I don't know about Sram, but I read a review once that Sram could use Yokozuna Reaction cables with their Red components, and everyone would think they had released Red 2.0.


----------



## cxwrench (Nov 9, 2004)

Just remember that any coating that is applied to a cable will wear off after less time than it takes the cable to actually fatigue and need replacement. I have never been, and will mostly likely never become a fan of any type of coated cable. Performance advantages are microscopic at best. 
When you break it down, why pay more for coated cables that at best work a tiny bit better than normal but never maintain that advantage for actual life of the cable? Some coated cables (the new Shimano) seem to break easier than normal as well. I'd much rather buy less expensive cables/housing, do a really good job of installing them, and then replace them more often to maintain perfect shifting. Most of the wear that affects shifting takes place in the housing anyway...and you have to (or should, anyway) replace the cables when you replace the housing.


----------



## UrbanPrimitive (Jun 14, 2009)

cxwrench said:


> I'd much rather buy less expensive cables/housing, *do a really good job of installing them*, and then replace them more often to maintain perfect shifting


Nailed it.

/thread


----------



## mfdemicco (Nov 8, 2002)

cxwrench said:


> Just remember that any coating that is applied to a cable will wear off after less time than it takes the cable to actually fatigue and need replacement. I have never been, and will mostly likely never become a fan of any type of coated cable. Performance advantages are microscopic at best.
> When you break it down, why pay more for coated cables that at best work a tiny bit better than normal but never maintain that advantage for actual life of the cable? Some coated cables (the new Shimano) seem to break easier than normal as well. I'd much rather buy less expensive cables/housing, do a really good job of installing them, and then replace them more often to maintain perfect shifting. Most of the wear that affects shifting takes place in the housing anyway...and you have to (or should, anyway) replace the cables when you replace the housing.

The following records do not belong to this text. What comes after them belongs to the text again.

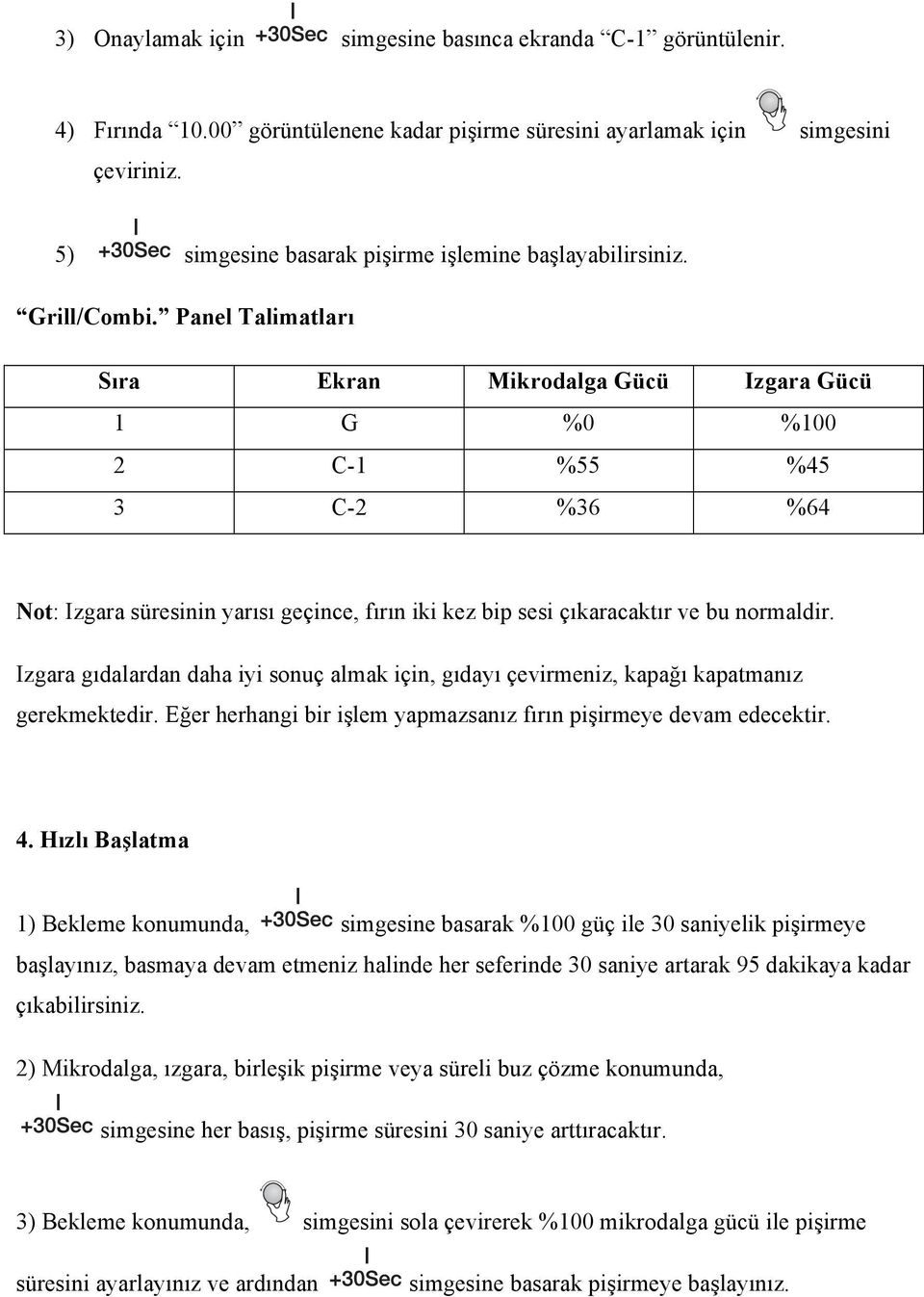 Panel Talimatları Sıra Ekran Mikrodalga 1 G %0 2 C-1 %55 3 C-2 %36 1) If is not set, it would not functi During process of setting, if yo go back previous status aumat Gücü Izgara Gücü 2.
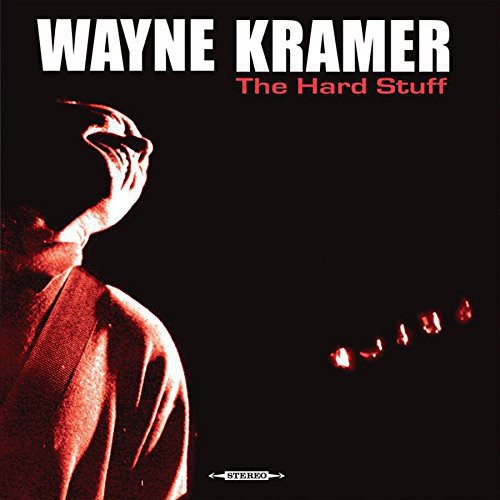 Hard Stuff -- Wayne Kramer, LP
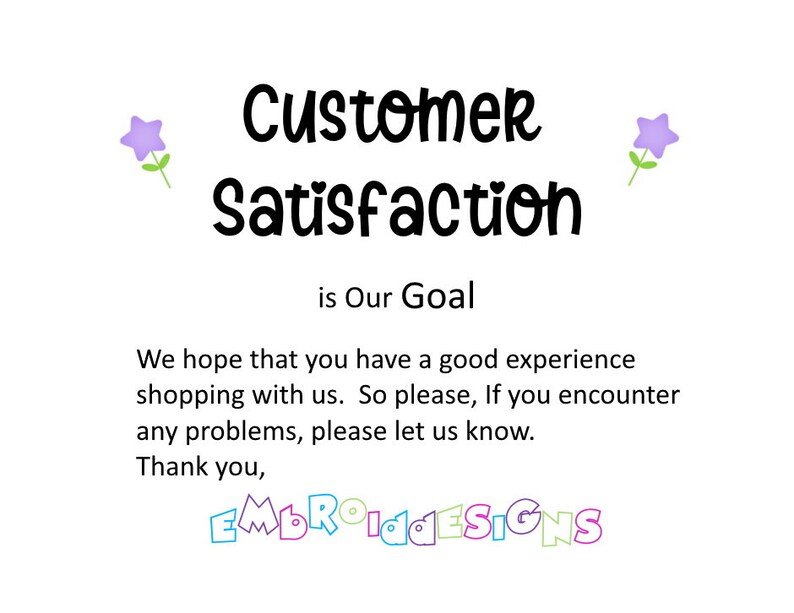 Puede incluir: Un fondo blanco con flores moradas a cada lado del texto "Customer Satisfaction is Our Goal". Debajo del texto hay un mensaje que dice "We hope that you have a good experience shopping with us. So please, if you encounter any problems, please let us know. Thank you, EMBROIDESIGNS".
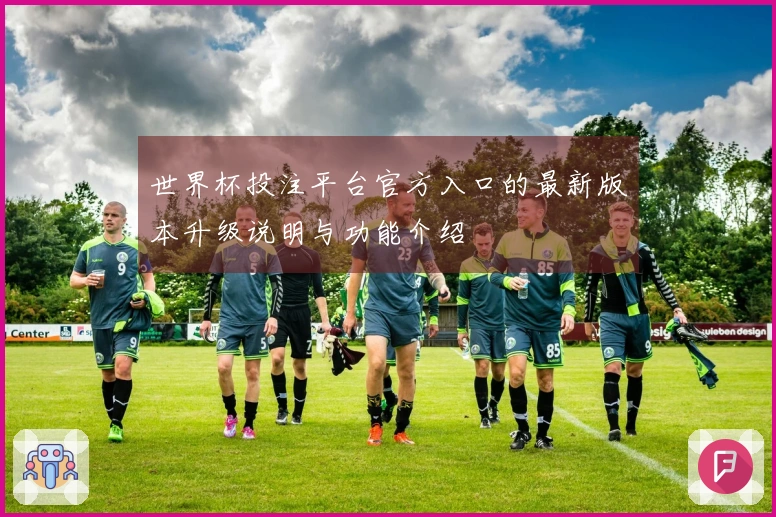 世界杯投注平台官方入口的最新版本升级说明与功能介绍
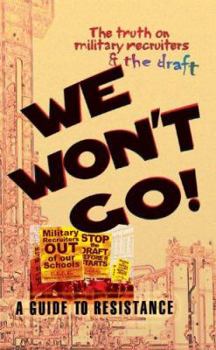 Paperback We Won't Go: The Truth on Military Recruiters & the Draft--A Guide to Resistance Book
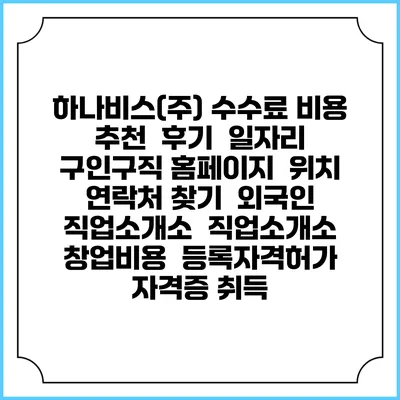 하나비스(주) 수수료 비용 추천 | 후기 | 일자리 구인구직 홈페이지 | 위치 연락처 찾기 | 외국인 직업소개소 | 직업소개소 창업비용 | 등록자격허가 | 자격증 취득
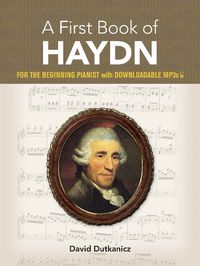 Cover image for A First Book of Haydn: With Downloadable MP3s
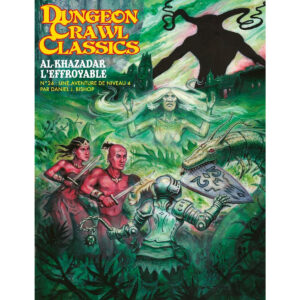 Dungeon Crawl Classics N°24 : Al-Khadazar l'Effroyable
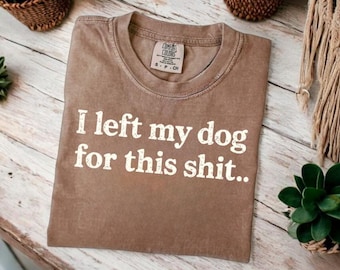 Funny Dog Shirt: Sarcastic Dog Lover Comfort Colors Tee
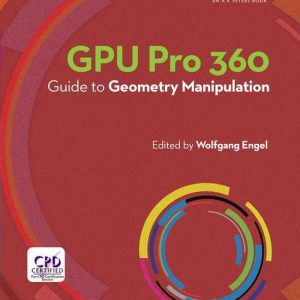 GPU Pro 360 Guide to Geometry ManipulationEbook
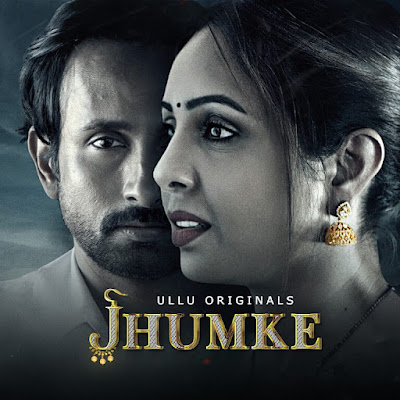Jhumke  Ullu Web Series : Actress, Storyline,Details, Cast and Review : How to Watch Online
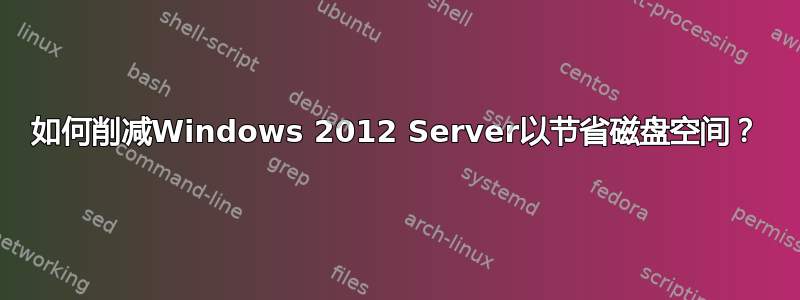 如何削减Windows 2012 Server以节省磁盘空间？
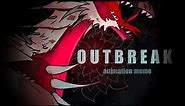OUTBREAK // animation meme // Creatures of Sonaria // Featuring: Sang Toare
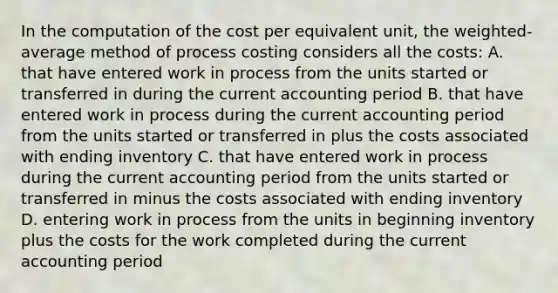 In the computation of the cost per equivalent​ unit, the​ weighted-average method of process costing considers all the​ costs: A. that have entered work in process from the units started or transferred in during the current accounting period B. that have entered work in process during the current accounting period from the units started or transferred in plus the costs associated with ending inventory C. that have entered work in process during the current accounting period from the units started or transferred in minus the costs associated with ending inventory D. entering work in process from the units in beginning inventory plus the costs for the work completed during the current accounting period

That's an interesting observation. I've been a fan of Gore Tex and now Jagwire equivalent cables just because they shift so well and avoid problems at the bottom bracket cable guide. I haven't worn out a set yet so I can't comment on their longevity. I ran a set on my mountain bike for a year and they are still good. Friction at the BB cable guide has been a PITA for me.


----------



## cxwrench (Nov 9, 2004)

mfdemicco said:


> That's an interesting observation. I've been a fan of Gore Tex and now Jagwire equivalent cables just because they shift so well and avoid problems at the bottom bracket cable guide. I haven't worn out a set yet so I can't comment on their longevity. I ran a set on my mountain bike for a year and they are still good. Friction at the *BB cable guide has been a PITA for me.*


They wear like housing does. You can always try a little piece of liner around the cable where it goes through the guide, that can help for a while.


----------



## woz (Dec 26, 2005)

I'd agree with CxWrench, the coating on cables tends to come off and gum up inside housing. A brand new coated cable to me feels better than an uncoated cable, however just a couple months down the road, once some of the coating has worn off and created extra friction they tend to not feel as good as a standard cable. 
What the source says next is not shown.